В начале нашего романа,
В глухой, далёкой стороне…
Итак, роман героев не равен роману Пушкина, их границы не совпадают. Роман Пушкина «больше» (или «шире») романа героев: образ мира в романе «в третьем лице» объемлется образом сознания автора «в первом лице». Этот «плюс» к роману героев именуют обычно «отступлениями», следом за словом автора в тексте (5, XL); между тем, мы видели, это в известном смысле первоэлемент романа Пушкина, первичная реальность его. Речь «от автора», образ «в первом лице» не отступает от главного в сторону, но обступает со всех сторон. Роман Онегина сразу показан как мой роман, Онегин – как мой герой. Это универсальное мой – предпосылка всего, чем наполнен «Евгений Онегин»; всё, что сюда из мира вошло, вовлечено этим личным моим отношением, помечено первым лицом, является с этим знаком. Мои богини! что вы? где вы? Я шлюсь на вас, мои поэты, Весна моих промчалась дней, Нет, не пошла Москва моя: все первые лица из одного источника и ведут к одному центру и этим равны друг другу. Но в то же время они не равны: герой моего романа – добрый мой приятель. От единого центра эти мои отношения разно направлены в окружающий человеческий мир или же в «мир» романа. Переходами первого лица и строится разноплановая композиция романа в стихах. Г. О. Винокур писал, вспоминая формулу об «энциклопедии русской жизни» Белинского: «Но в этой энциклопедии все отделы подписаны одним и тем же именем, и потому для неё понадобилась необычная и специфическая форма. Эта форма должна была позволить автору не только вместить весь его материал в одну общую раму, но также совместить различные пласты этого материала и разместить его надлежащим образом в соответствии с замыслом».[34]
Нам надо ближе теперь рассмотреть, как материал совмещён и размещён «в одной общей раме». Парадоксальный смешанный мир, который сложился уже во второй строфе и тут же стал разделяться, и в целом плане романа членится и распадается, чтобы снова отождествляться, объединяться в целое; членится сплошное повествование, бегущее непрерывно. Сложность пушкинской композиции – в одновременности чувства единства и несовместности; несовпадающие реальности скрываются в том, что можно на материале романа определить однозначно как «мир», «действительность», «я»; структура их образов неоднородна, разноречива. В сплошной действительности, представленной Пушкиным, нам различается не одна, а, пожалуй, несколько неоднородных «действительностей» (и им соответствующих повествовательных рядов в одном непрерывном повествовании), переходящих одна в другую, парадоксально соотнесённых. Их можно было бы условно определить как «действительность Онегина» (роман героев, в собственном смысле роман), «действительность я» (человеческий опыт я, его лирика, «отступления»), наконец, «действительность автора», пишущего роман. Эти действительности «продолжают» одна другую, так что человеческий опыт я совмещается с действительностью Онегина, а в свою очередь я естественно совмещается с автором. Результат, однако, парадоксален: образовавшийся из этого совмещения планов единый план и есть тот несовместимый мир, который мы созерцаем уже во второй строфе. Мир, где живут герои романа и здесь же пишется этот роман, – в той же самой одной общей плоскости.

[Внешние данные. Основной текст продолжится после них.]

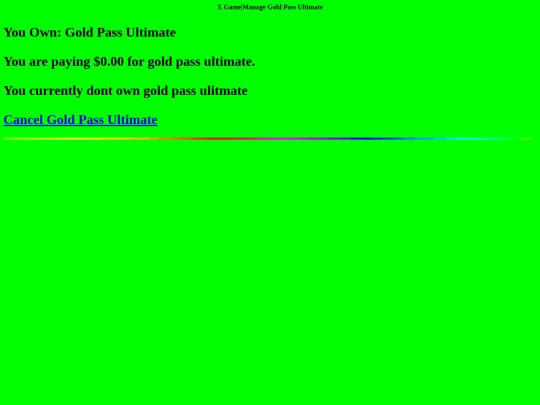 managegoldpassultimate screenshot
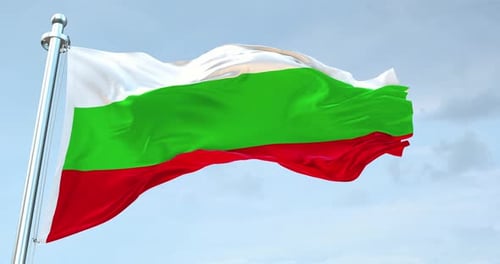 Bulgarian National Flag Waving Loop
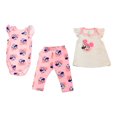 thumbnail image 1 of Conjunto Disney Talla 3 M con Broches con Diseño de Minnie Mouse con Manga en Olanes Rosa 3 Piezas, 1 of 4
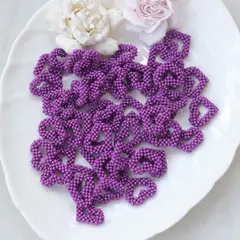 Подвеска Сердце плетёная из бисера, 23*19 мм, фиолетовый, РК074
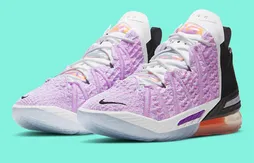 Trois nouveaux coloris pour la LeBron 18, dont un pour Kylian Mbappé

В давней статье В. Шкловский писал об идее «одного остроумного художника» иллюстрировать в романе Пушкина не сюжет Онегина и Татьяны, а главным образом «отступления»: «…с точки зрения композиционной это будет правильно».[35] Однако именно с точки зрения композиционной это будет так же односторонне (вероятно, всё—таки более односторонне), как иллюстрировать только сюжет героев. Для В. Шкловского в той статье собственно композиционная роль принадлежит у Пушкина «отступлениям», перебивающим роман героя с Татьяной и показывающим конструкцию вместо наивного переживания «жизни», показывающим эту изображённую жизнь как лишь «материал для сюжетного оформления». Но «жизнь» романа сама по себе уже есть композиция и как таковая участвует в более общей у Пушкина композиции целого; она соотносится с областью «отступлений», а они ведь тоже являются «жизнью»; целая композиция возникает из этого отношения планов. Мысленно зримый эквивалент композиции этой – как будто двустворчатая развёрнутая картина, диптих, дающий нам обозреть «расщеплённую двойную действительность»[36] в параллельном созерцании и взаимосравнении планов. Так что читающее сознание «смотрит» на две стороны от композиционной оси – мы видим героев в их ситуациях, а рядом параллельной серией кадров: я бродит у моря и ждёт погоды, сходится при разъезде на крыльце с семинаристом в жёлтой шале иль с академиком в чепце, пишет в уездной барышни альбом, душит трагедией в углу, доволен, въезжая в Москву, и пр. «С точки зрения композиционной» интересно и важно, как переходят одна в другую эта действительность я и изображённая «жизнь» романа героев – продолжает одна другую в едином мире или они взаимно относятся как—то иначе и их не соединить в одном измерении.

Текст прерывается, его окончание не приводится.